◆ **Records for this exercise**:
== Segment start ==
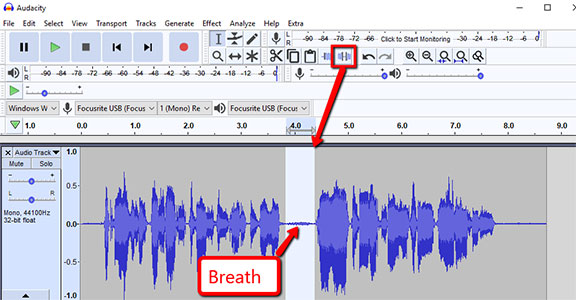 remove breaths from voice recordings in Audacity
== Segment end ==
== Segment start ==
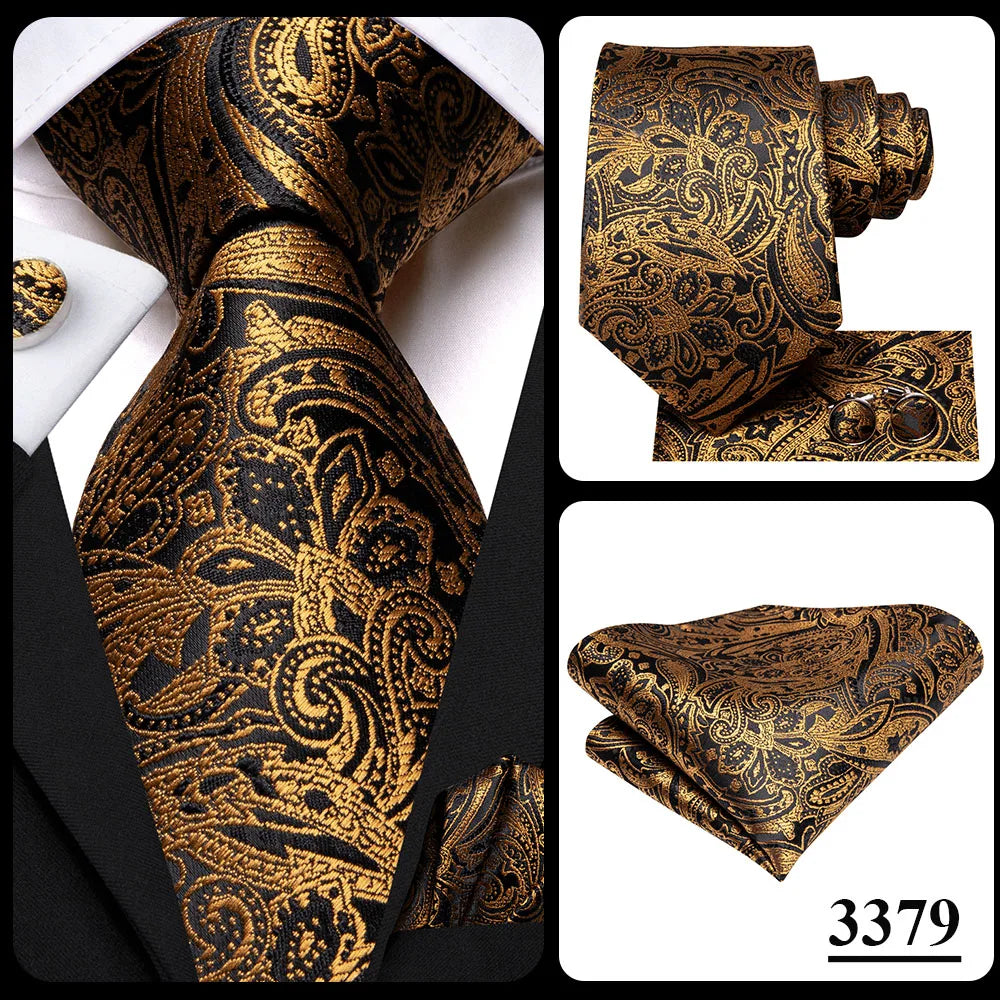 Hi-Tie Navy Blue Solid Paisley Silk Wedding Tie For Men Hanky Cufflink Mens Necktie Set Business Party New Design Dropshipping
== Segment end ==
== Segment start ==
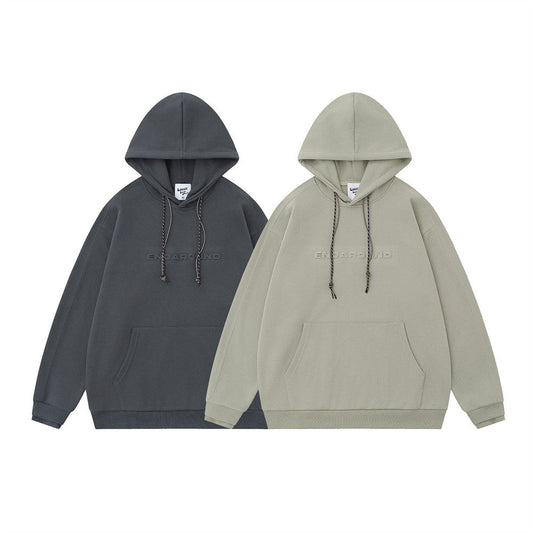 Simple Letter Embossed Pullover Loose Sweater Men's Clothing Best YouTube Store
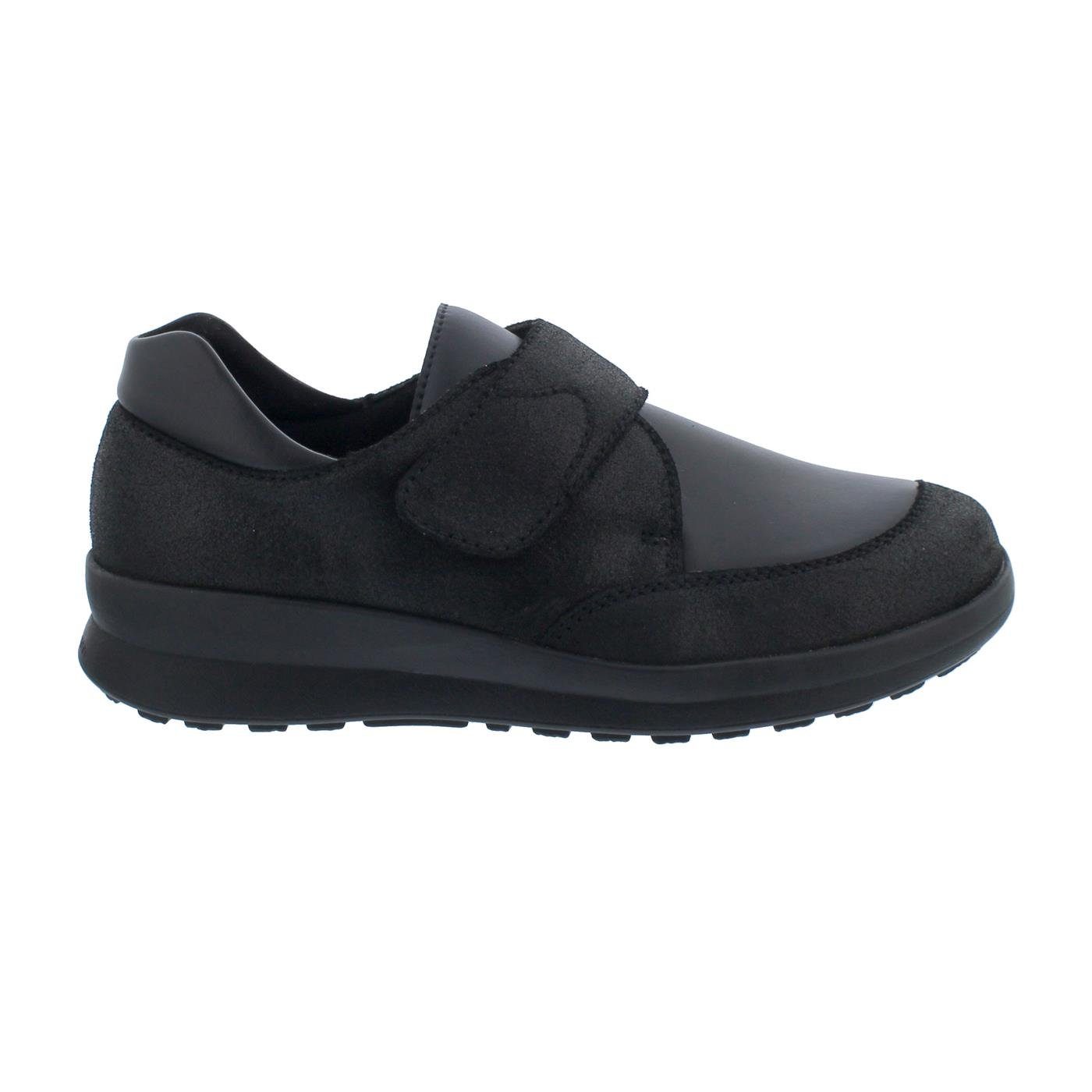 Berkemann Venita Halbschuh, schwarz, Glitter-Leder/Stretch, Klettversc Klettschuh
== Segment end ==
◆ **Required action**: Please set down, exactly and with no pictures, the lines in the entries above starting at the one holding "Simple Letter Embossed" and ending at the one holding "Glitter-Leder/Stretch, Klettversc Klettschuh", ends included.

◆ **Solution for this problem**:
 Simple Letter Embossed Pullover Loose Sweater Men's Clothing Best YouTube Store
 Berkemann Venita Halbschuh, schwarz, Glitter-Leder/Stretch, Klettversc Klettschuh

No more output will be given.